During thirty-three years in the Lost Property Office this official has seen a great change in London's crop of forgetfulness.

"Muffs have stopped coming in now," he said. "Once we were full of muffs; but women don't carry them nowadays. Everything else has increased, not because people are more absent-minded, but because the speed of traffic has increased. We take only objects found in omnibuses, tramcars, and taxicabs. In the old days you could run after a horse omnibus and find your umbrella, but to-day as soon as you remember you have left it the vehicle is out of sight. Just look here!"

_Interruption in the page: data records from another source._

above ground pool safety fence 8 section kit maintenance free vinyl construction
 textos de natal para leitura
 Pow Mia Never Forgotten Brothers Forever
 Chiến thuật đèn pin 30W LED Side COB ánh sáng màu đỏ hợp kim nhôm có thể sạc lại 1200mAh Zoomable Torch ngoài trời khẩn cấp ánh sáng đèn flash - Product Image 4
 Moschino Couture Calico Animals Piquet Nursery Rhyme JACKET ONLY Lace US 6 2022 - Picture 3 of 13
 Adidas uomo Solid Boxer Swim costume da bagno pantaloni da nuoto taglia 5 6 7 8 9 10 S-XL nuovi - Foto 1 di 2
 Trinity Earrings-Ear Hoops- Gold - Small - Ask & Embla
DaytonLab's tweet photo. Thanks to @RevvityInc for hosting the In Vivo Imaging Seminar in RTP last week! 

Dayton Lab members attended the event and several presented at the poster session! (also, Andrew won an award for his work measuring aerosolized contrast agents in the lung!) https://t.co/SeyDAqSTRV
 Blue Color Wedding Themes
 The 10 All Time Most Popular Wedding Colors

We walked down a long avenue packed with umbrellas. There must have been over twenty thousand of them! The avenue ended in a room full of the more recently abandoned specimens. Here men and women were nosing round looking for their lost property. What a task! The room was stacked to the ceiling with umbrellas, all neatly docketed. They lay in racks, the handles only protruding.

When handles are round and shiny this room, which is always full, presents to the eye four walls of round and shiny knobs; when the fashion in umbrellas changes, this room changes too. At the moment it is full of originality and colour. Thousands of green jade and red coral handles jut from the walls; thousands of check handles vary the pattern. Here and there you see a dog-headed handle, a handle shaped like a bird, or a handle carved to the shape of a pierrot's head, a pathetic white face with drooping carmine lips, which seems crying to be claimed and taken home!

"Oh, I shall never find it in this forest of umbrellas!" cried a girl. "Never! I don't think I want to. I hate the look of umbrellas."

Another woman picked her umbrella out in the first five minutes. What an eye! And all the time girls came up to the counter, rather breathless, with:

"I've lost a lovely new umbrella on a number three omnibus; it had a dear little green handle carved like a fish, and I said to mother——"

"Come inside, miss," said a weary official. "I said to mother that I think I lost it when I got off at Westminster, or it may have been earlier in the morning, when——"

"Come inside, miss!"

More remarkable even than the jungle of lost umbrellas is the series of rooms packed with every conceivable thing a passenger can carry in a tramcar, an omnibus, or a taxicab. You gain the impression when you tour the Lost Property Office that some people would lose an elephant between Ludgate Circus and Charing Cross.

How do they lose full-size typewriters, gigantic suit-cases packed with clothes, gramophones, bulky parcels, crates, and small perambulators?

There are thousands of lost shoes, mostly new, some of them dance slippers bought by forgetful girls, or perhaps by husbands who were thinking of something else! There are ball dresses that have been left in omnibuses, silk nightdresses, hats, costumes, and, of course, jewellery.

The Lost Property Office looks like a gigantic pawnshop or a large secondhand store. The officials are surprised at nothing. Have they not taken care of skulls and the hands of mummies? In another room I saw October's crop of lost umbrellas being distributed to the tramcar conductors, the omnibus conductors, and the taxicab men who found them. This happens every three months. If it did not Scotland Yard would have to build an annexe somewhere. The finders made merry as they were given incongruous umbrellas. One large, red taxicab driver drew a neat little mincing silk umbrella with a kingfisher on the handle.

"Oh, how sweet, Bill!" said the tram conductors.

* * *

At the other end of the office other conductors were handing in dozens of umbrellas and sticks, the ceaseless daily harvest of London's wonderful absent-mindedness. Most of them had wrist straps, too!